Romania’s interior minister has quit as the fallout from the kidnapping of two teenage girls intensifies.

There is public outrage over the disappearance and presumed killings of Alexandra Macesanu, 15, and Luiza Melencu, 18, in the southern town of Caracal. Gheorghe Dinca, 65, told police he had murdered them, according to his lawyer. 

Macesanu phoned the European emergency number 112 but it took authorities 19 hours to locate where she was as they struggled to trace her calls and secure unnecessary search warrants.

Nicolae Moga, who had only been in the post six days, resigned as Romania’s interior minister on Tuesday.

Inquiries have shown politicised public safety bodies to be under-funded, short-staffed and insufficiently trained, reports Reuters.

Romania's chief of police and several county officials have already been fired over the case.

President Klaus Iohannis said an inquiry presented at a Supreme Defence Council meeting on Tuesday identified a series of "grave deficiencies."

As well as the delays, child search-and-rescue protocols were not followed.

"It has been found that institutions in charge of public order and safety ... failed, after a series of unacceptable errors to ensure the fundamental right of life," he said.

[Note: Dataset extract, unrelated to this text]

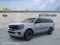 2026 Ford Expedition MAX Platinum®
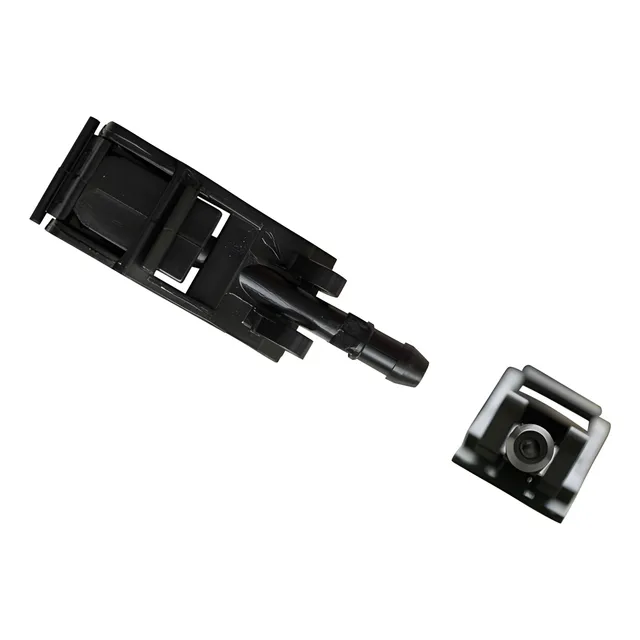 Chisguetero Delantero Bruck Pointer L4 1.8l 98 - 09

Iohannis added he asked the Social Democrat government to create measures by the end of August to improve cooperation and rapid response systems for public safety institutions, including location-finding technology for 112 calls.

It comes as an insider within the Romanian police force told Euronews about the impact the scandal was having.

“The police officers were wrong in many ways: from the superficial way they treated the case of the girl's disappearance to the poor preparation of the dispatcher, who did not know how to start the localisation system, which would have significantly reduced the search area,” he told Euronews. “And we can also mention the deficient way in which the dispatcher interacted with the victim.

“The legislation, starting from the constitution, is clear regarding the inviolability of private properties, but there are exceptions provided for in it. And one of the exceptions is when you have to rescue a person who is in danger. But that was not the problem, but the fact that the outdated technology and the poor professional training of some people in the system did not allow the timely location of the building from which the kidnapped girl had called 112 to ask for help. It was located only late at night when the girl was dead for several hours.

“The critics of the police officers who intervened in this case are justified, but not entirely, because in the first days, fake news that put the police in a negative light were circulated, unfairly, as if they were at the door of the criminal, as if the girl was screaming for help at 4am or if the cops would have known in advance where the killer's house is.”